Task item:
Your task is to copy the records that follow exactly, minus any images.

Dataset excerpts:
:::::
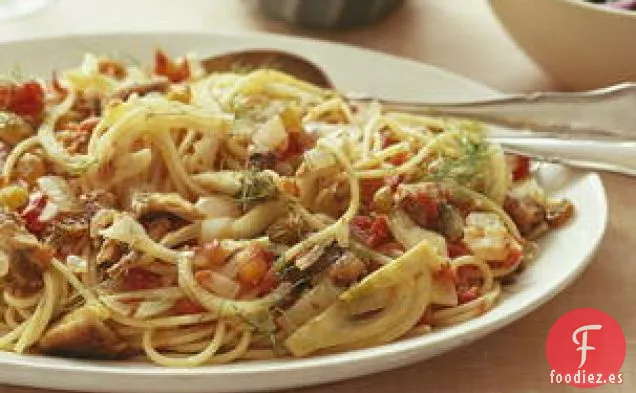 Espaguetis Con Salsa De Sardina e hinojo Y Ensalada De Espinacas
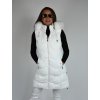 Bílá dlouhá teplá prošívaná vesta s kapucí a kožíškem 48041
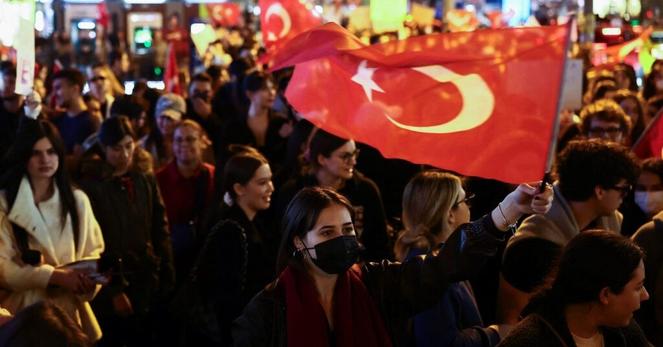 トルコ、抗議デモ参加者約1900人を拘束　海外の非難も一蹴 | ロイター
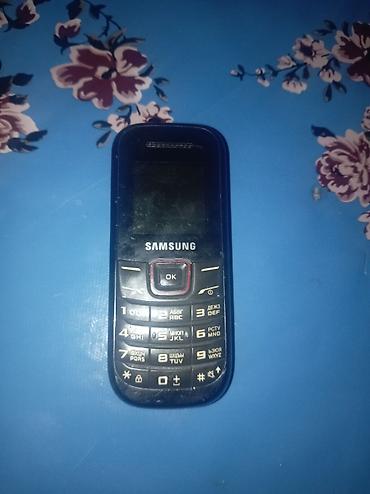 en ucuz telefon ayfon: Samsung < 2 GB Memory Capacity, rəng - Qara, Düyməli — 1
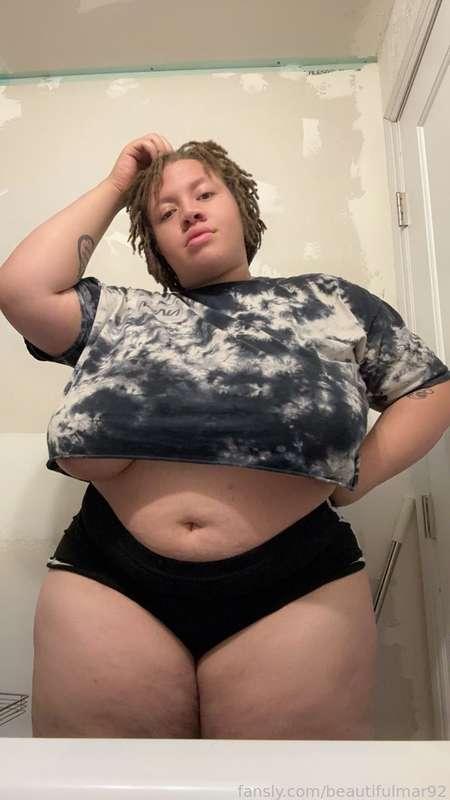 Can you hear my laundry?
Would you bend me over that washer while I load it? Would you put your load in me? Pound me on the dryer?Would you choke me while I cum? While whispering  in my ear that I am a good cum slut? *sigh*a bitch could dream😤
:::::
Exercise result:
 Espaguetis Con Salsa De Sardina e hinojo Y Ensalada De Espinacas
 Bílá dlouhá teplá prošívaná vesta s kapucí a kožíškem 48041
 トルコ、抗議デモ参加者約1900人を拘束　海外の非難も一蹴 | ロイター
 en ucuz telefon ayfon: Samsung < 2 GB Memory Capacity, rəng - Qara, Düyməli — 1
 Can you hear my laundry?
Would you bend me over that washer while I load it? Would you put your load in me? Pound me on the dryer?Would you choke me while I cum? While whispering  in my ear that I am a good cum slut? *sigh*a bitch could dream😤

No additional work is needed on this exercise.